The story begins with Dennis Flange, a Long-Island attorney and ex-Navy communications officer, entertaining his friend and garbage man, Rocco Squarcione. As the two drink Rocco's home-made muscatel and listen to Vivaldi, they are suddenly dropped in on by one of Flange's old Navy friends, Pig Bodine. Unfortunately, his unexpected visit is not at all appreciated by Dennis' wife of seven years, Cindy -- Bodine was responsible for carting her husband off during their wedding reception and taking him on a two-month drinking spree that landed Flange in Cedar Rapids, Iowa, completely broke. Already angered by Rocco's presence in her house, the sight of Pig sends Cindy into a state of fury and she promptly commands the trio to leave and never come back. Kicked out of the house and without even a change of clothes, Flange ponders his situation when Rocco mentions that a friend of his by the name of Bolingbroke is a watchman at the local garbage dump and would be able to put both Dennis and Pig up for the night. After Rocco leaves the two with Boligbroke, the watchman and his guests grab two extra mattresses and retreat into his shack-like home in the middle of the dump. There, they drink home-made wine and tell sea-stories until they fall asleep.
In the middle of the night, however, Flange is awakened by a girl's voice urging him to come outside. After a moment of indecision, he ventures out to find whoever is calling him, and discovers that the voice belongs to a beautiful, three and a half foot tall gypsy by the name of Nerissa. After introducing herself, she leads the bewildered Flange into the piles of garbage, through a door made from a discarded refrigerator, and into a network of underground tunnels that eventually leads to her surprisingly elaborate room. There, Nerissa introduces Flange to her pet rat Hyacinth and explains to him that a fortune-teller had told her that she would marry a tall, blonde, Anglo-Saxon man with strong arms. As Dennis fits the description, she asks him to stay with her, and after a brief moment of contemplation, he agrees.

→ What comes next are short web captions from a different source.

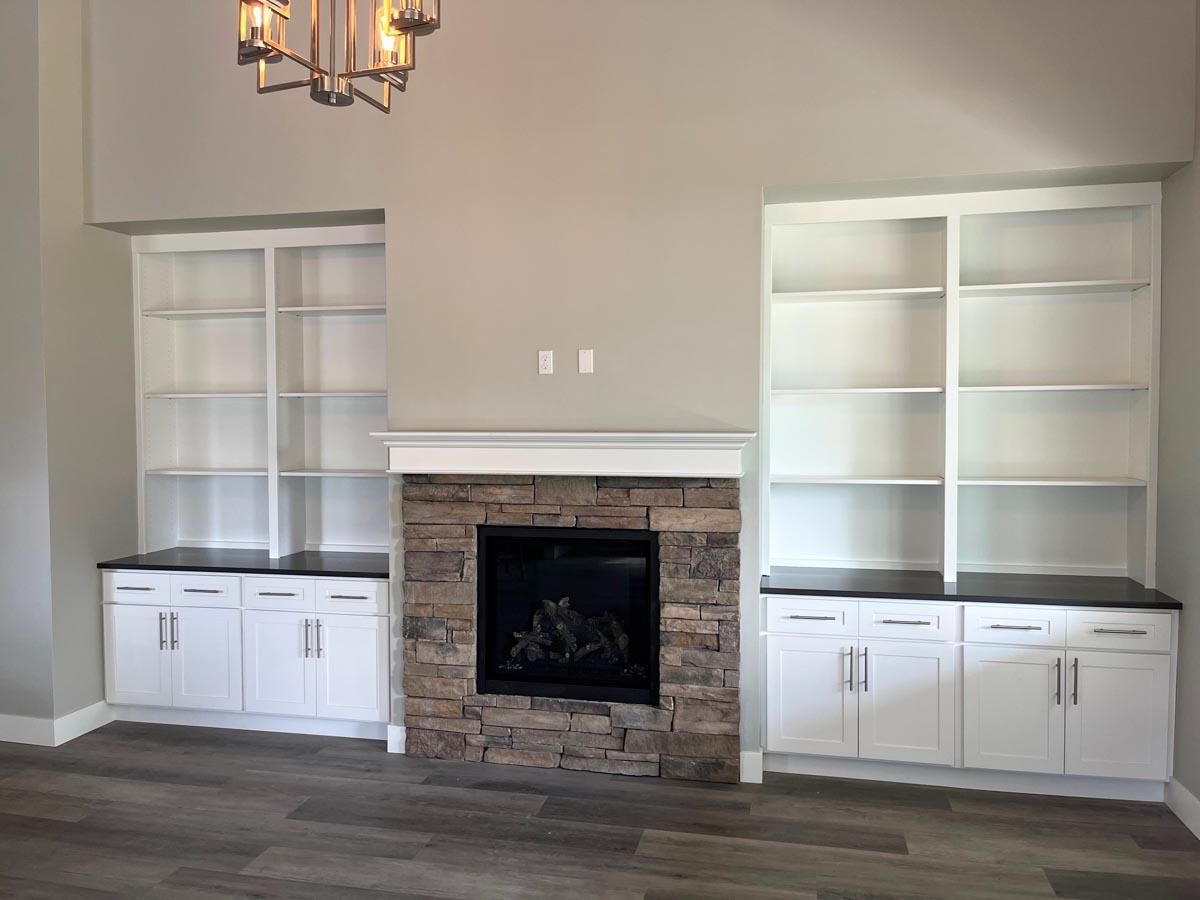 Interior view of a great room with a stone fireplace, built-in white cabinets, and open shelving flanking the fireplace.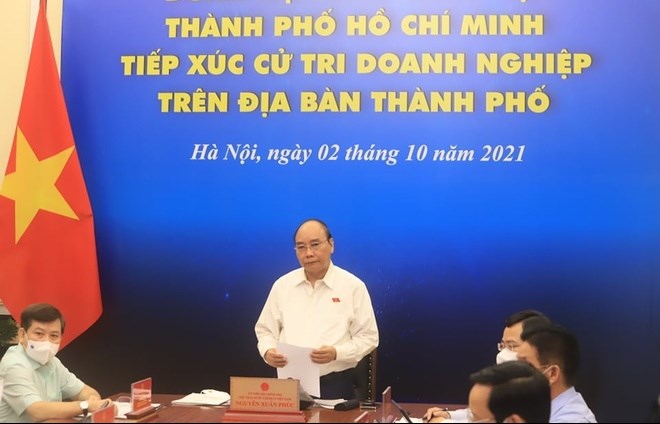 Chủ tịch nước Nguyễn Xuân Phúc tiếp xúc cử tri là doanh nghiệp TP.HCM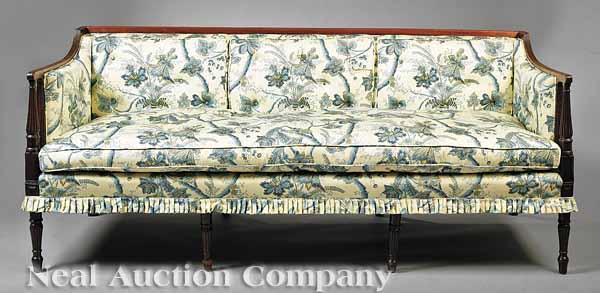 Appraisal: A Sheraton Mahogany Sofa late th c box-form with reeded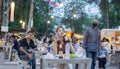 A woman was taking a beer during dinner at Tamarin night market, Hua Hin Thailand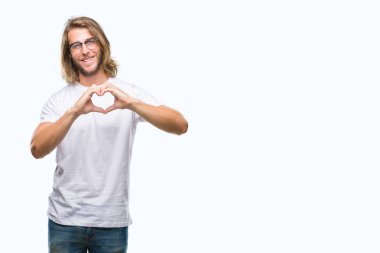 Yakışıklı delikanlı aşık kalp simgesi ve elleriyle şekil gösteren gülümseyen izole arka plan üzerinde gözlük takan uzun saçlı. Romantik kavramı.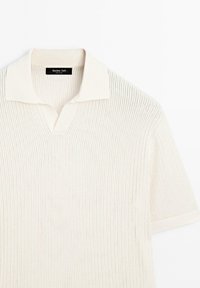 Polo en maille écru à manches courtes, avec une texture côtelée et un petit col, posé à plat sur un fond blanc.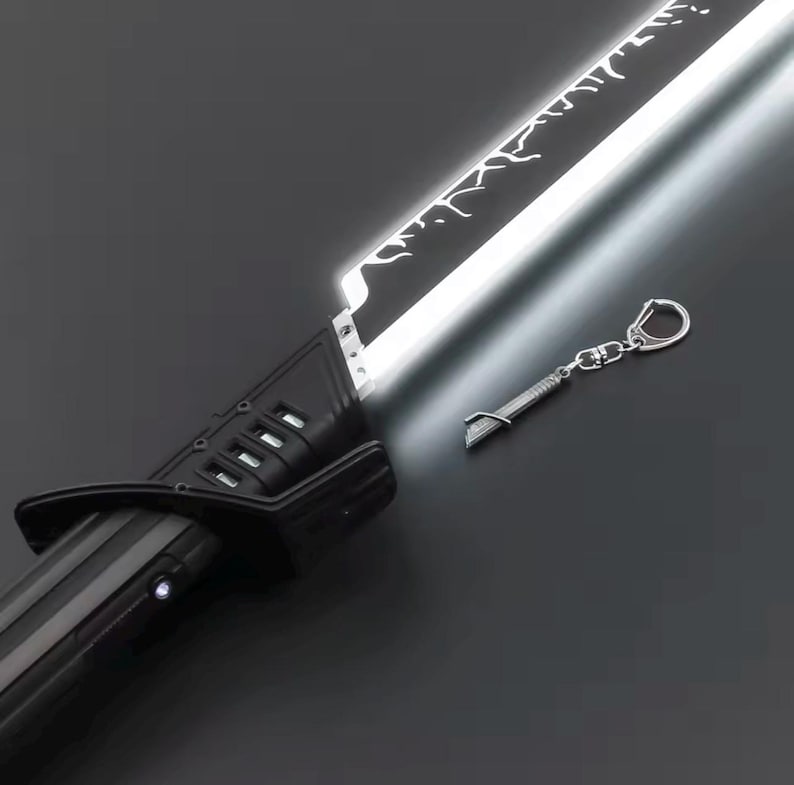 May include: A black and silver lightsaber with a bright white blade. The hilt has a sleek design with a few buttons. A small keychain replica of the lightsaber is also included, with a silver finish. The lightsaber is a prop or collectible.
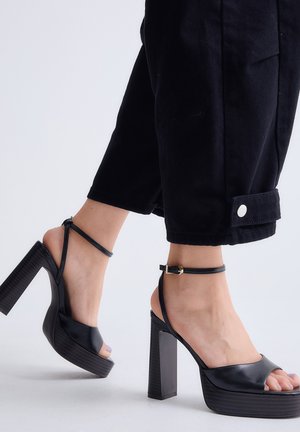 Pies con sandalias negras de plataforma y tacón alto con correas en el tobillo, combinadas con pantalones negros cortos con puños abotonados.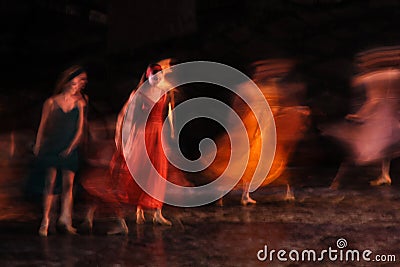 Long exposed and colorful photo of the ballerinas and ballets performing their art in a musical. Stock Photo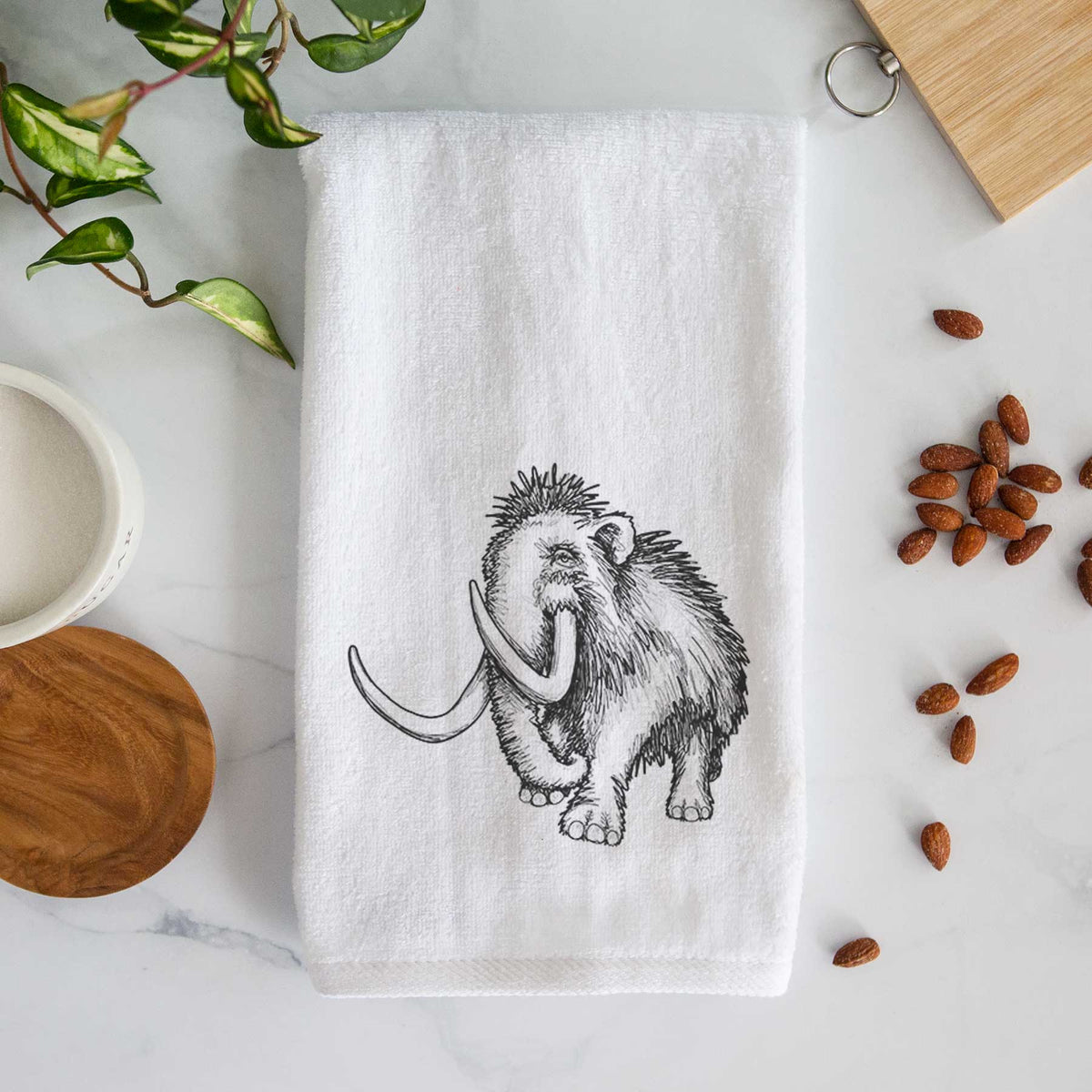 White hand towel printed with a black ink illustration of a woolly mammoth with long curved tusks.
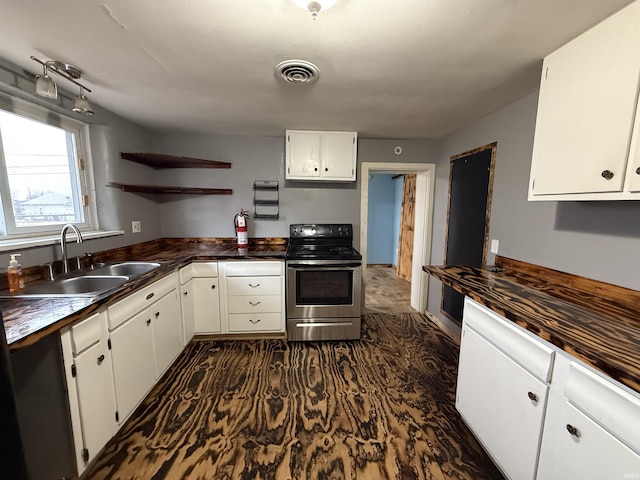 kitchen with stainless steel range with electric stovetop, sink, and white cabinets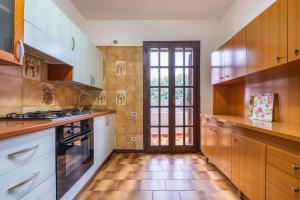 eine große Küche mit Holzschränken und einem Fenster in der Unterkunft La Casa delle Rose in Solanas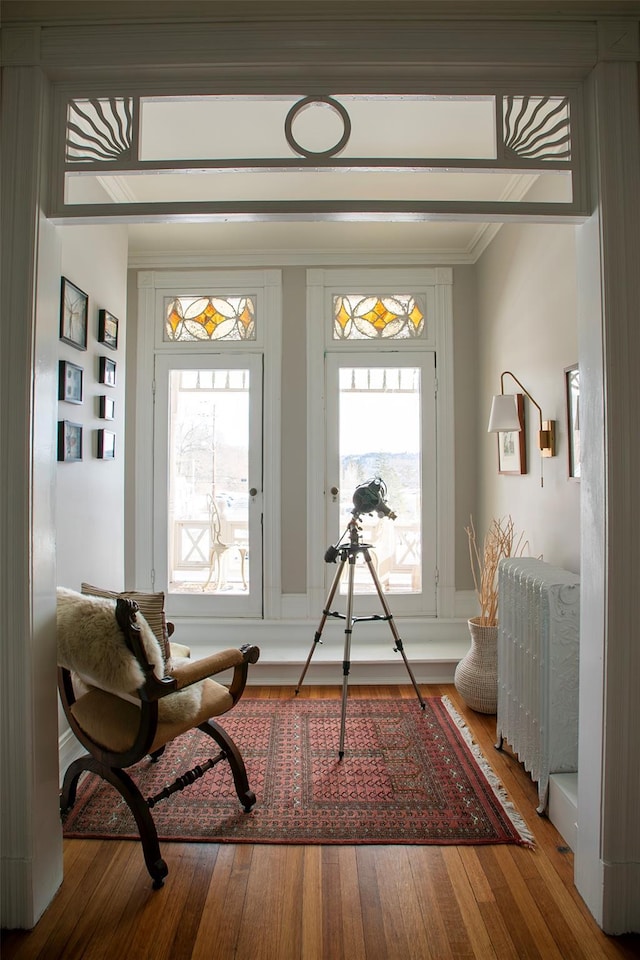 living area with crown molding and wood finished floors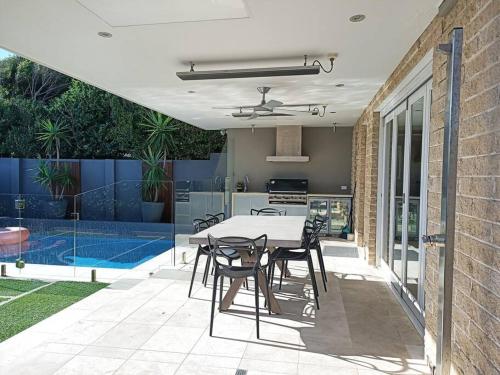 a patio with a table and chairs and a kitchen at Clovelly Beach House with Pool in Sydney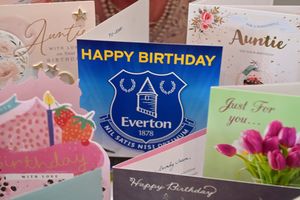 LAST COPYRIGHT NATIONAL WORLD PLC STEVE LEATH 08/05/24..Pic at Wheatlands Care Home, Much Wenlock, where Joan Harrison has just had her 101st birthday. The call went out to get 101 cards, but they have ended up with over 300 from all over, including from her beloved Everton FC. She is pictured on some with her Niece: Barbara McGarbey, and staff: Kneeling: Katie Mace and on setee: Stacey Walton and Abbie Field. Also copy pics of her in the services and as a young lady..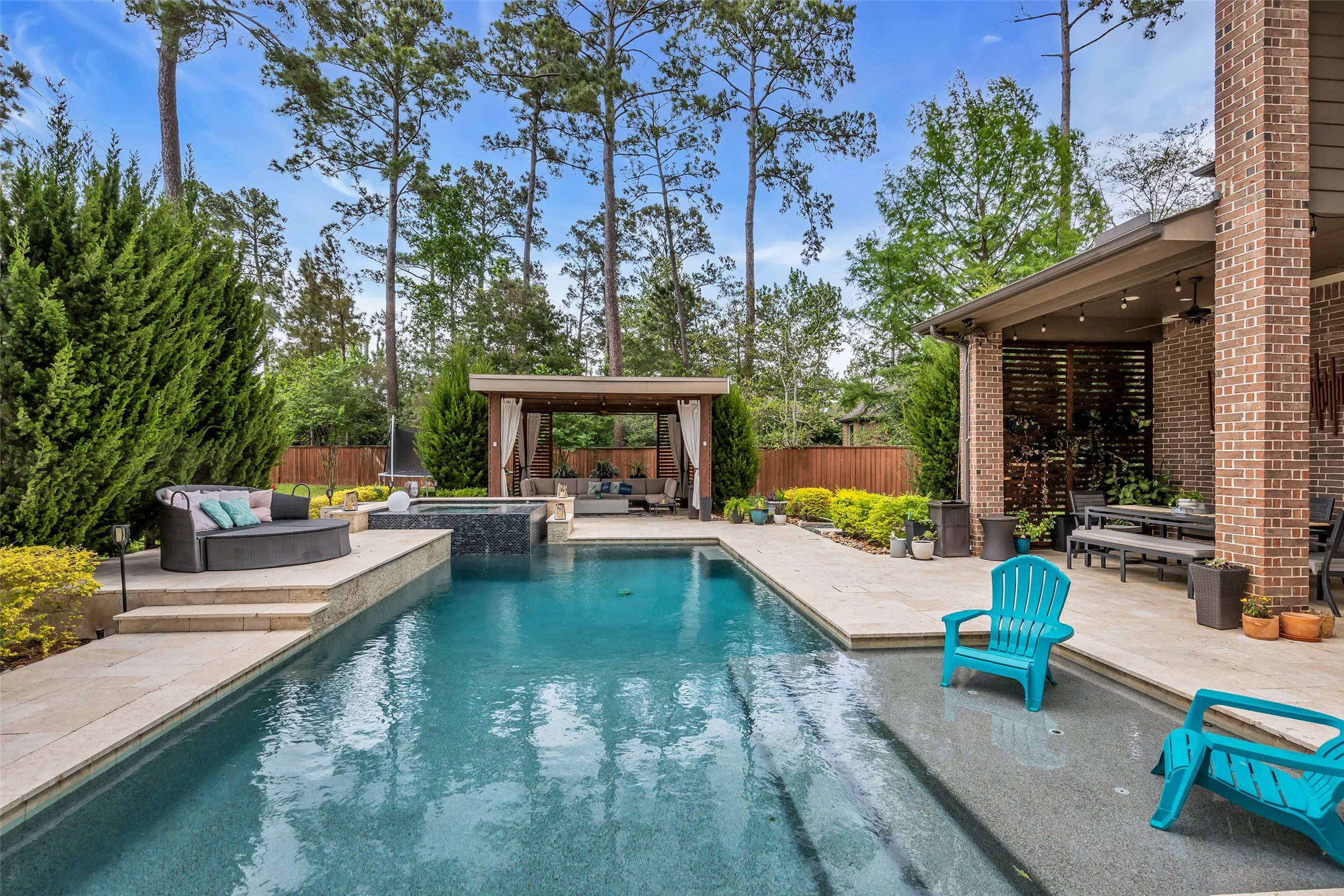 143 West Valera Ridge Place Spring, TX 77389 - Photo 38 of 50 swimming pool with outdoor seating and trees in the background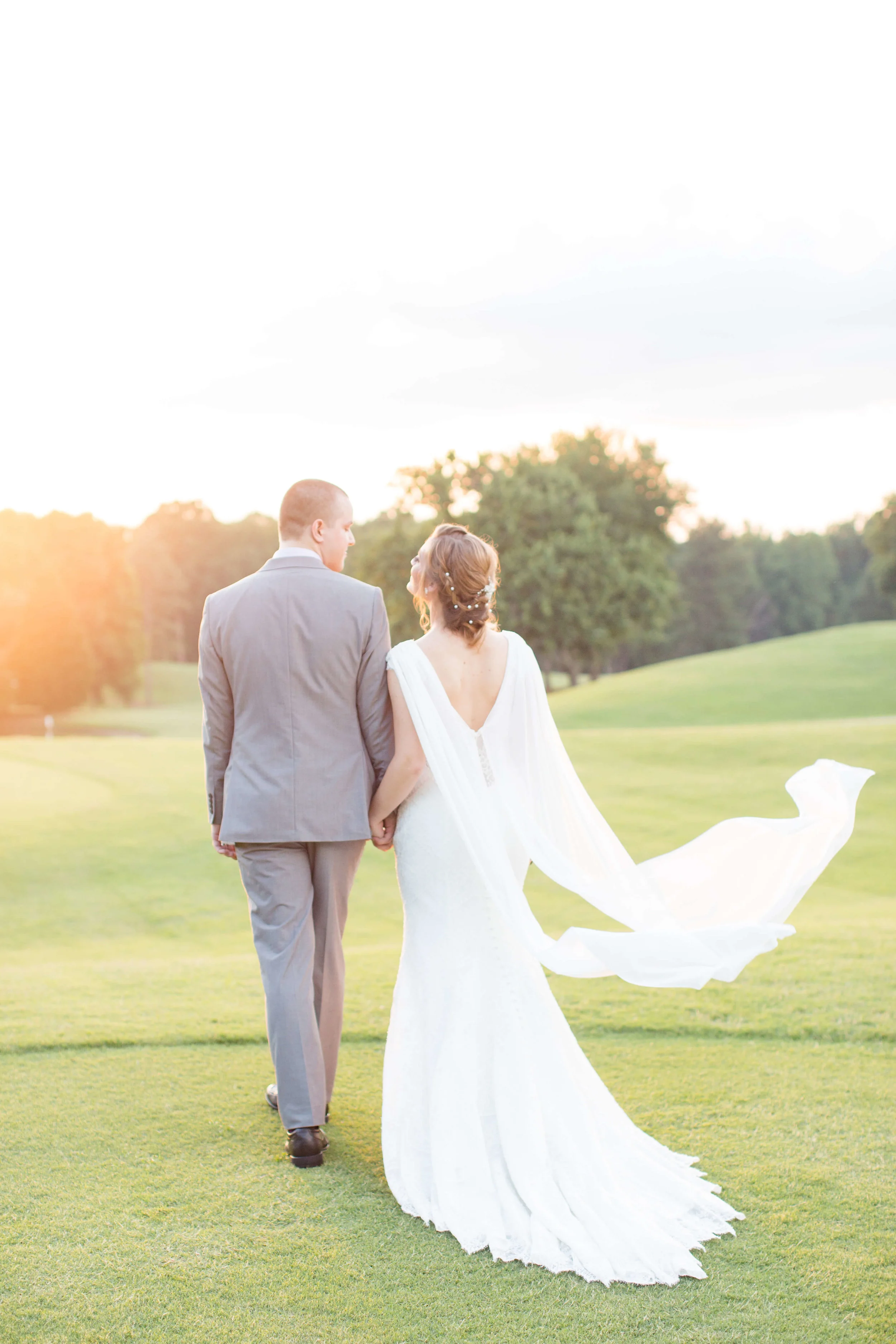 Newlywed couple holding hands and walking into the sunset Jessica Hunt Photography Southeast US Weddings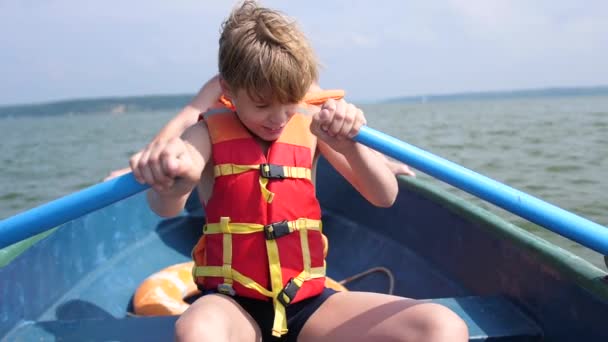 El tipo flota en el barco. Adolescente opera independientemente un barco con la ayuda de remos. Deporte extremo
 - Metraje, vídeo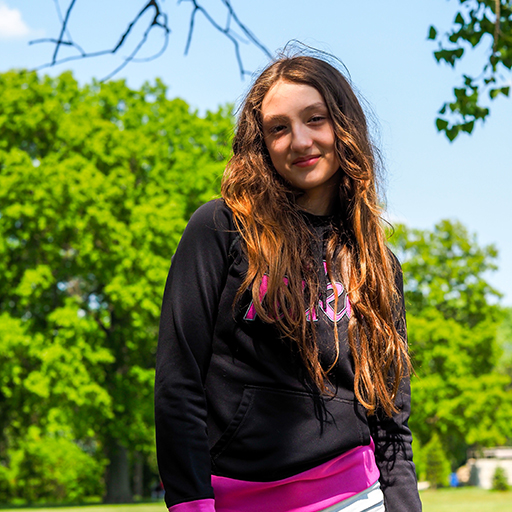 young woman standing outside and smiling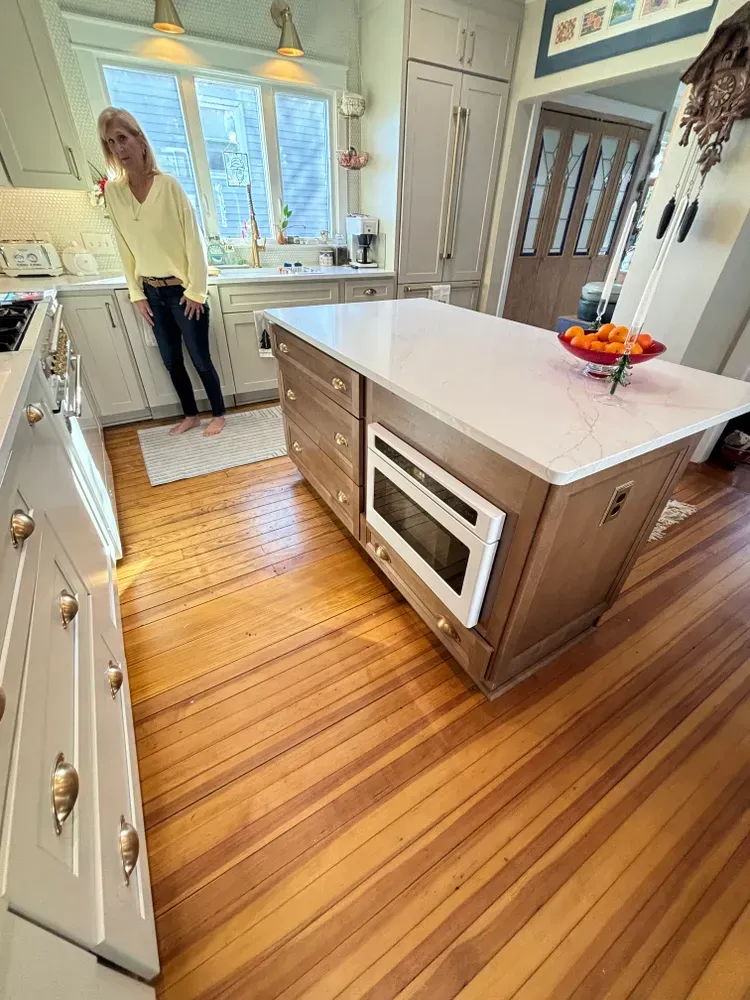 Bright kitchen with wood island, white cabinets, striped floor, and a person standing by the sink under a window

Pynchon describes the fundamental problems in "Low-Lands," saying that he had let too many of his adolescent values creep into the story, ruining the otherwise sympathetic character of Dennis Flange, and that the short story was actually more of a character sketch than anything else. He points out, in the case of his latter complaint, that the work has no conflict resolution and very little movement -- Dennis' character doesn't even grow much throughout its course.
In discussing the story's corruption by his youthful values, Pynchon cites his early attitudes concerning marriage and parenting. More specifically, he suggests that (perhaps subconsciously) he had used Flange's character as a screen on which to project his own desire to have children without the expense of a developed marital relationship. Another suggestion Pynchon offers is that perhaps Flange's desires were a display of the general male attitude of the time, not simply his own, however he is unsure of which of the two would be the most accurate.
Pynchon also cites his adolescent views as the reason behind what he calls "an unacceptable level of racist, sexist and proto-Fascist talk throughout this story" (Thomas Pynchon's Slow Learner, pg. 11). Apologetically, he admits that this was his own attitude at the time, and it was authentic, but simply "the voice of a smart-assed jerk who didn't know any better" (Thomas Pynchon's Slow Learner, pg. 12).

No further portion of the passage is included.